NZ hydrogen startup claims it’s ‘cracked the iridium problem,’ raises $2.3m in seed round


The New Zealand startup, named Bspkl, claims it has already manufactured its catalyst coated membrane products, a component of hydrogen electrolysers, at a commercial scale. Now, with funding from the seed round, the company is hoping to fully commercialise its product over the coming year.

Precious metals like iridium and platinum are typically used in hydrogen electrolyser membranes to maximise output – an expensive and resource-intensive practice. Bspkl says its technology cuts the amount of iridium and platinum needed for electrolysis by 25x, stating loading levels of 0.089 mg/cm2 of iridium and 0.122 mg/cm2 for platinum group metal catalysts.

“We’ve cracked the iridium problem and we know how to manufacture it at scale, we are excited to bring this product to the electrolyser manufacturing market,” Bspkl cofounder and CEO, Christina Houlihan, said.

The startup is a spinout from crown research institute GNS Science. The technology was invented by Jérôme Leveneur while he was an employee at GNS and has reportedly been in development for nearly 10 years.

Leveneur is now Chief Technology Officer (CTO) at Bspkl – which will continue to collaborate and conduct research with GNS Science as it commercialises. 

According to Bspkl’s website, its technology is both catalyst and membrane “agnostic” and can be applied as a catalyst layer to any membrane material, “so long as it comes in a dry, roll format.”

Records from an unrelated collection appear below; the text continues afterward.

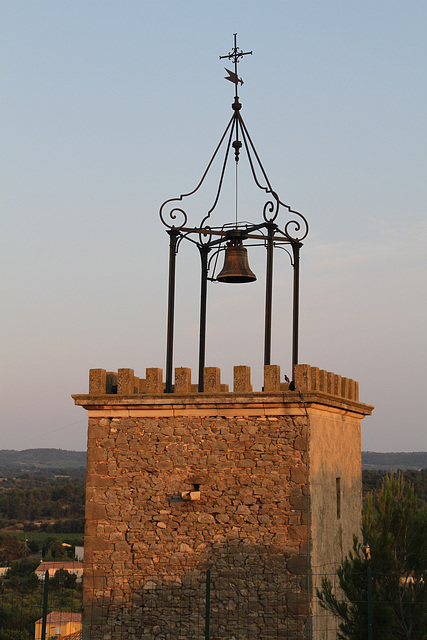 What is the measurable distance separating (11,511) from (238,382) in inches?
2634

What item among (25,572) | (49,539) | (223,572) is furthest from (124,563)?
(49,539)

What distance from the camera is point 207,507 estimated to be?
1159 cm

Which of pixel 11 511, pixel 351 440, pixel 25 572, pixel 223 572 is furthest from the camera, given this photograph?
pixel 11 511

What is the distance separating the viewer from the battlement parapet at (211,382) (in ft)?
38.2

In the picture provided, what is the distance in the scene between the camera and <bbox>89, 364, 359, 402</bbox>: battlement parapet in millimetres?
Answer: 11633

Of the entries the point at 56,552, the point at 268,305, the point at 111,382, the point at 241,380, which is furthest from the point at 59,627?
the point at 56,552

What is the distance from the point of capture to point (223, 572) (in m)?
11.3

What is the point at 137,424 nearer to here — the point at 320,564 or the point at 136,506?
the point at 136,506

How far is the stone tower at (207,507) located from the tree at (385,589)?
1.31 ft

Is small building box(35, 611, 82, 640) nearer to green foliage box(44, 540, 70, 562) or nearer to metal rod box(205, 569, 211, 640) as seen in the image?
metal rod box(205, 569, 211, 640)

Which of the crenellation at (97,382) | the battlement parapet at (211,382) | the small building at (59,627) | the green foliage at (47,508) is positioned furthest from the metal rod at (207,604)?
the green foliage at (47,508)

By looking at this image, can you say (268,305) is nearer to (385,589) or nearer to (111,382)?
(111,382)

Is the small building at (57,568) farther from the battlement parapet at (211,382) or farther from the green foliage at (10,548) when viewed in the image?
the battlement parapet at (211,382)

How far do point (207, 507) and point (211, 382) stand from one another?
5.86 ft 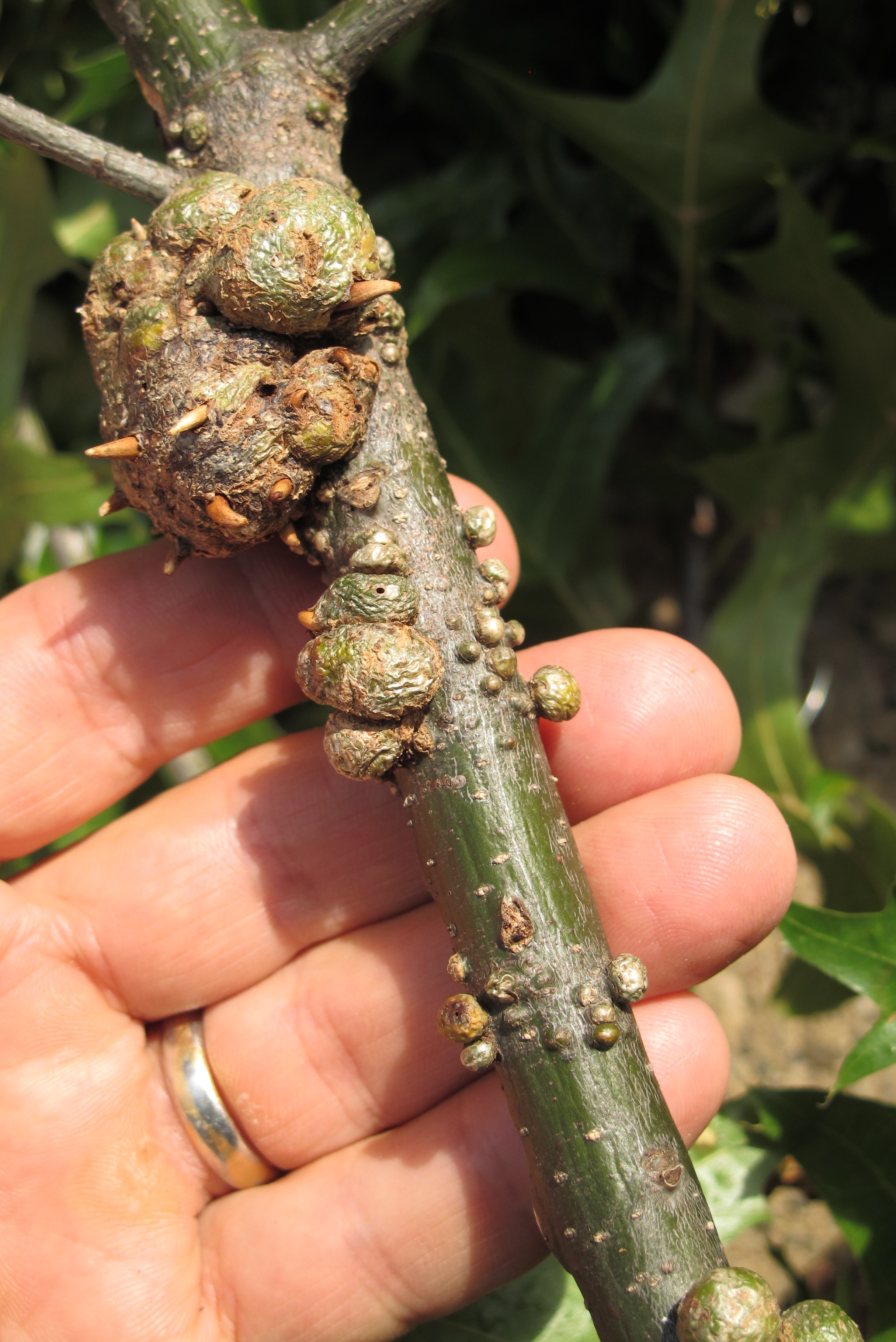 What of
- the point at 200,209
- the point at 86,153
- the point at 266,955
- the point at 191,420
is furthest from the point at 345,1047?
the point at 86,153

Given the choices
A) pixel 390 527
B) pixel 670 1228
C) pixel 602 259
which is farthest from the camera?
pixel 602 259

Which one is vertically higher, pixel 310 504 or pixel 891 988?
pixel 310 504

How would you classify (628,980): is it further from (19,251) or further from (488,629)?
(19,251)

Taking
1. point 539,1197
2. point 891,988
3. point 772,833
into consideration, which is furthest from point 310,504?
point 891,988

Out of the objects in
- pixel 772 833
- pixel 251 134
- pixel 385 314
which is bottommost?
pixel 772 833

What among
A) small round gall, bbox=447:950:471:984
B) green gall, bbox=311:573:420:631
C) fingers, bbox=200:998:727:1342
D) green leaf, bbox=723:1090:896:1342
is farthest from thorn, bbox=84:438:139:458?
green leaf, bbox=723:1090:896:1342

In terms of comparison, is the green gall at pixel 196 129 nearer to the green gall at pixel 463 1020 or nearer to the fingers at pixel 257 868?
the fingers at pixel 257 868

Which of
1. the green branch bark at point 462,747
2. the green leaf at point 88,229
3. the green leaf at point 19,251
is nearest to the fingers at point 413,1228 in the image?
the green branch bark at point 462,747

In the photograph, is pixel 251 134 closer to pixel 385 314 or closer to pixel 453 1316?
pixel 385 314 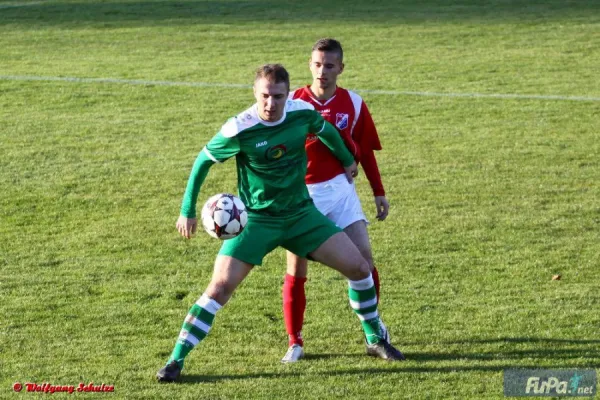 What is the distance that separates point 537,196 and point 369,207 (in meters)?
1.90

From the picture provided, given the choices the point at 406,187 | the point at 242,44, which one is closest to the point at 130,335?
the point at 406,187

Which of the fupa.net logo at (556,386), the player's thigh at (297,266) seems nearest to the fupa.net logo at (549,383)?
the fupa.net logo at (556,386)

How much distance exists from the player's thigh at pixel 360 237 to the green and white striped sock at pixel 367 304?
0.18 meters

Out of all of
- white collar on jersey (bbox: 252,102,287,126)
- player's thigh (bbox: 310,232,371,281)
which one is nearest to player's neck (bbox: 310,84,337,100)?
white collar on jersey (bbox: 252,102,287,126)

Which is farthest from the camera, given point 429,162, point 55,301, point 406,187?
point 429,162

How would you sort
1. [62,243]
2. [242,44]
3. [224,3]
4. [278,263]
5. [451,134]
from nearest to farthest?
[278,263] → [62,243] → [451,134] → [242,44] → [224,3]

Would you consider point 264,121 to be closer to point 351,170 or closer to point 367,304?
point 351,170

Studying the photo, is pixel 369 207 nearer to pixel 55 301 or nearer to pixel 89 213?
pixel 89 213

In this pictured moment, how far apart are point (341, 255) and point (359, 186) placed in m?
5.48

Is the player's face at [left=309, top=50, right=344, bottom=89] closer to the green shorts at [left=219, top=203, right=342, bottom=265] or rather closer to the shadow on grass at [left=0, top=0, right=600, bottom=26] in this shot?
the green shorts at [left=219, top=203, right=342, bottom=265]

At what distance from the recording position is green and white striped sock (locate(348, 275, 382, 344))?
7172mm

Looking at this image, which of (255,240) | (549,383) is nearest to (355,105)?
(255,240)

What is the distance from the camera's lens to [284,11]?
2397 cm

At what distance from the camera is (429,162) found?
43.1ft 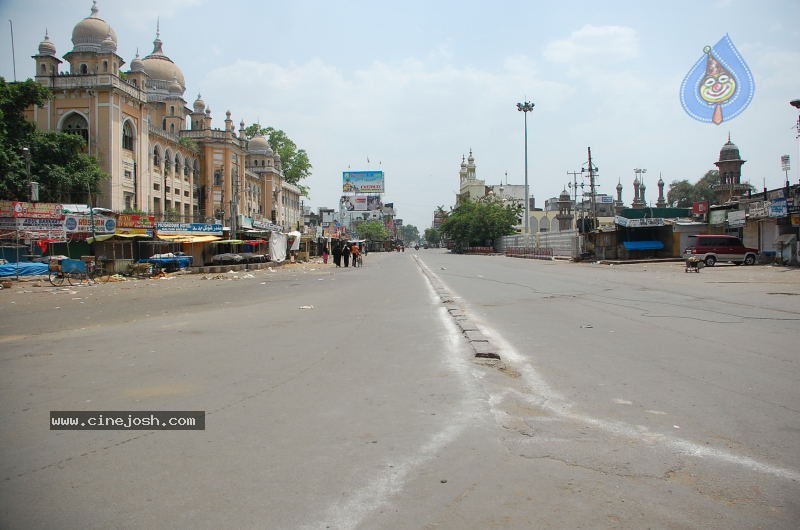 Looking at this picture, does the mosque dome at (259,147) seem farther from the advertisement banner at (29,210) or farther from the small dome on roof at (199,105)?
the advertisement banner at (29,210)

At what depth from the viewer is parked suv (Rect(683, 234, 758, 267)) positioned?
108 feet

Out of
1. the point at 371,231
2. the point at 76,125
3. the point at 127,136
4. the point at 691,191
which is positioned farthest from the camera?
the point at 371,231

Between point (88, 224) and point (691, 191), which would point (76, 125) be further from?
point (691, 191)

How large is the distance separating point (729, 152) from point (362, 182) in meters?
55.8

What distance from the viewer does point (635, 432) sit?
4570 millimetres

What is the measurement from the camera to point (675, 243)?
45156 mm

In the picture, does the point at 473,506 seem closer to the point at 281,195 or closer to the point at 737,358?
the point at 737,358

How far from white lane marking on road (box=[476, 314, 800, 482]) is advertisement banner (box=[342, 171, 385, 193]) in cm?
9269

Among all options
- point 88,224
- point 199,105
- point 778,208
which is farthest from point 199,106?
point 778,208

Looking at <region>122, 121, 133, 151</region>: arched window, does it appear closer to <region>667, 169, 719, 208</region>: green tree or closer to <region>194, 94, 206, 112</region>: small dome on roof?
<region>194, 94, 206, 112</region>: small dome on roof

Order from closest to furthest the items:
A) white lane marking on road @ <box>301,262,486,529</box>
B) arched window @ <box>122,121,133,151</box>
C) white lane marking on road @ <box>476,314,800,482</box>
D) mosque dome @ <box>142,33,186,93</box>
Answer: white lane marking on road @ <box>301,262,486,529</box> < white lane marking on road @ <box>476,314,800,482</box> < arched window @ <box>122,121,133,151</box> < mosque dome @ <box>142,33,186,93</box>

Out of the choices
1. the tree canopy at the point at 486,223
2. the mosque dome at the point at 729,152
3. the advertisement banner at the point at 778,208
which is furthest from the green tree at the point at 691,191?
the advertisement banner at the point at 778,208

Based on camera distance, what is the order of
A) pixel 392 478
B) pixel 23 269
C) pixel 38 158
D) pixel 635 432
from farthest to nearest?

The startup is currently focusing on polymer electrolyte membrane (PEMelectrolysis, though it says it plans to expand into anion exchange membrane (AEM) electrolysis, hydrogen fuel cells and other related technologies “in the near future.”

Bspkl’s recent seed funding round was led by New Zealand technology investor WNT Ventures and supported by Australian venture capital firm Investible. It also attracted a NZD 750,000 ($690,000) repayable grant from Callaghan Innovation’s Technology Incubator Program.